ARLINGTON, Va. -- While the NCUA's budget increase is unpopular and will be an added expense for credit unions, it's necessary to make up for the agency's past shortcomings in examinations, NCUA Board Member Gigi Hyland said last night.
"The situation for credit unions isn't getting better any time soon. And we are catching up because in the early 2000s there were budgets approved without making long term plans,'' she said at a meeting of the Metropolitan Area Credit Union Management Association.
In a subsequent interview with Credit Union Times she said the agency is choosing to hire the examiners as permanent staffers rather than on less expensive contract basis because the health of many credit unions is "not getting better anytime soon.''
Hyland said in her remarks to the group that some of the additional funds will also be used to improve be agency's information technologies, which were criticized as being inadequate in the agency's most recent audit.
The NCUA's 2011 budget is 225.4 million, an increase of 12% over last year's spending plan of $200.9 million.

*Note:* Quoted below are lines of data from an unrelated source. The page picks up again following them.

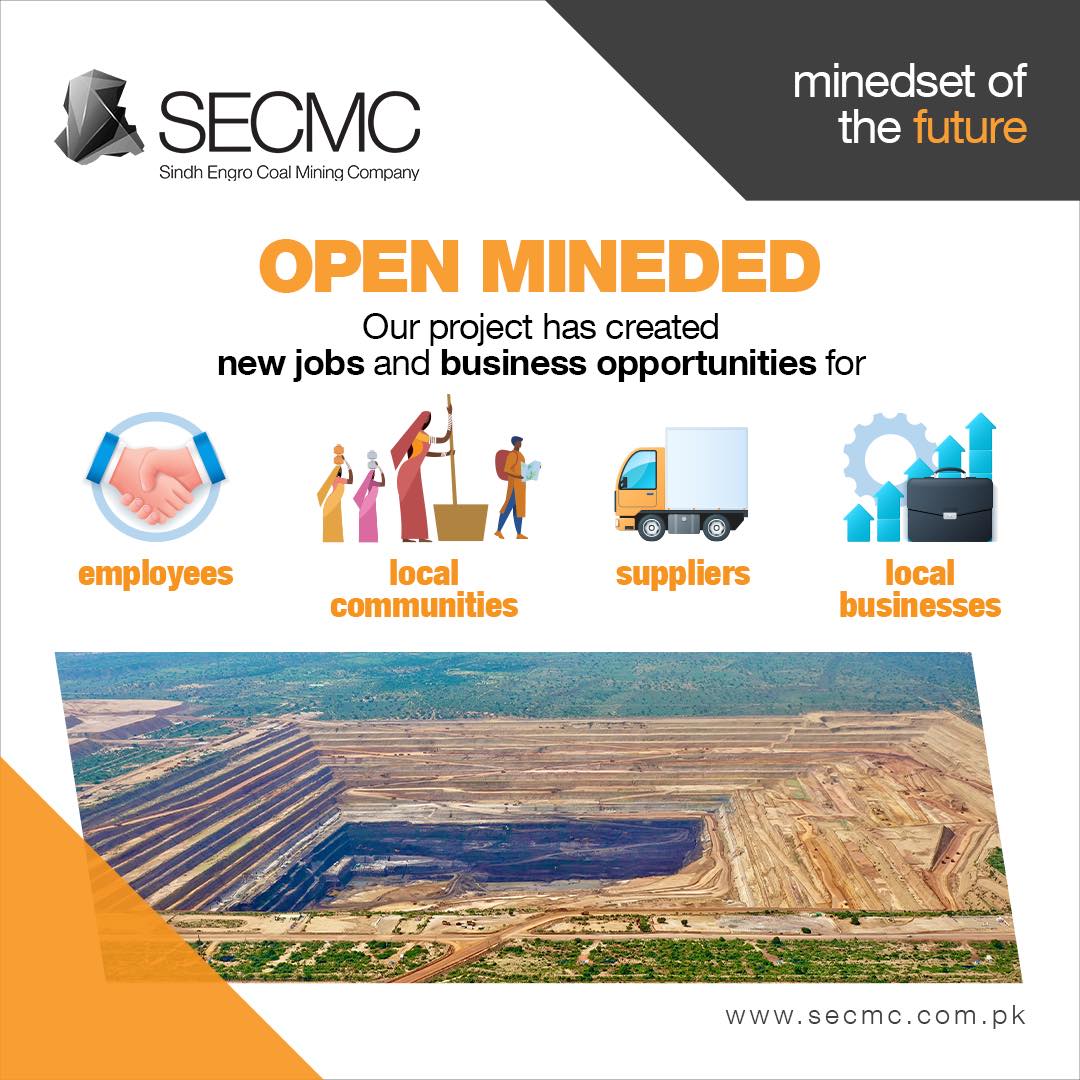 The Thar Block II... - Sindh Engro Coal Mining Company | Facebook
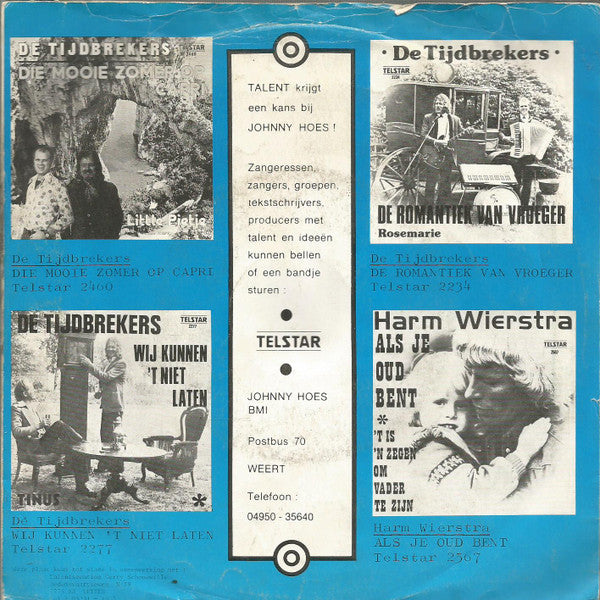 Harm Wierstra -Doe Mi-j De Olde W.C.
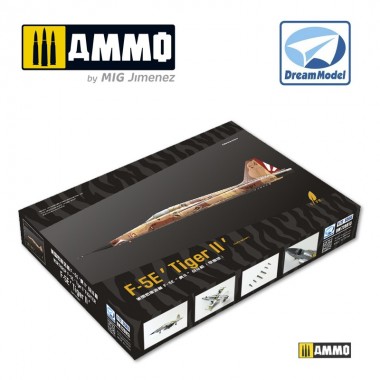 1/72 Northrop F-5E Tiger II...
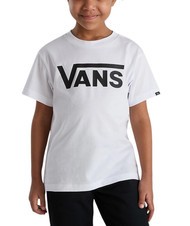 VANS VANS CLASSIC T-shirt in cotone - T-shirt Bambino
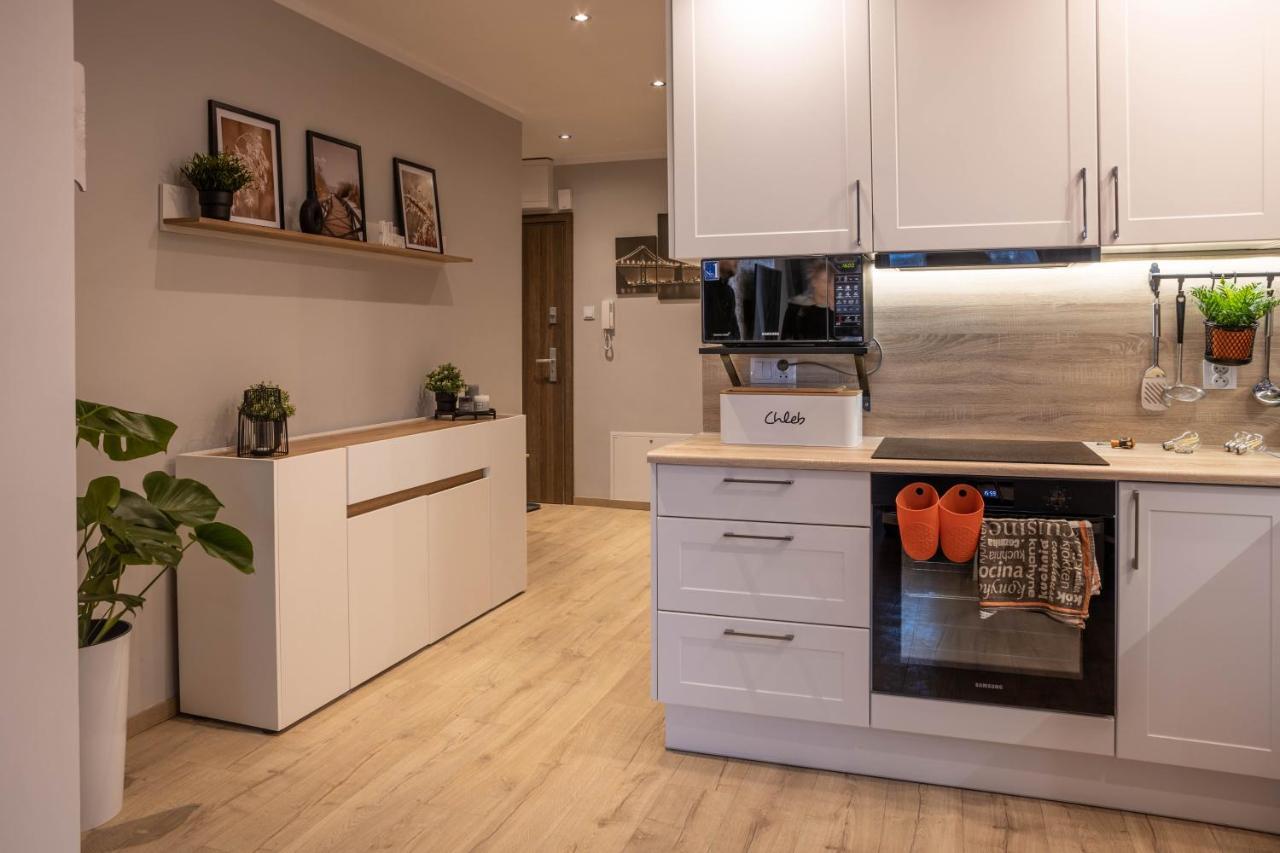 イェレニャ・グーラApartament Rakownicaアパートメント エクステリア 写真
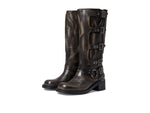 Steve Madden Rocky Boot 11 Brown Distressed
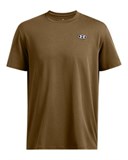 UA Heavyweight Left Chest PatchShort Sleeve 1382902-498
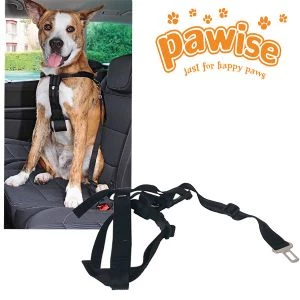 Pawise Emniyet Kemer Tokalı Tasma L 70-90 cm ürün görseli 1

Hyland also reiterated her concern about certain provisions of the agency's proposed rule on corporate credit unions.
She objects to the provision that would limit natural person credit unions to joining only one corporate and said in the interview that the provision to encourage members of corporate credit unions to make voluntary payments to the Temporary Corporate Credit Union Stabilization Fund "troubles me as well.''
But she said she would withhold final judgment until she reads all the comment letters and noted in her speech that "I read every single stinking comment letter.''
The proposed rule, for which comments are due by Jan. 28, would also allow corporates to assess annual membership fees and increase the amount of retained earnings and would mandate that the corporate prepare an annual management report that assesses how well it is in compliance with NCUA regulations and an assessment of its internal auditing and control structure.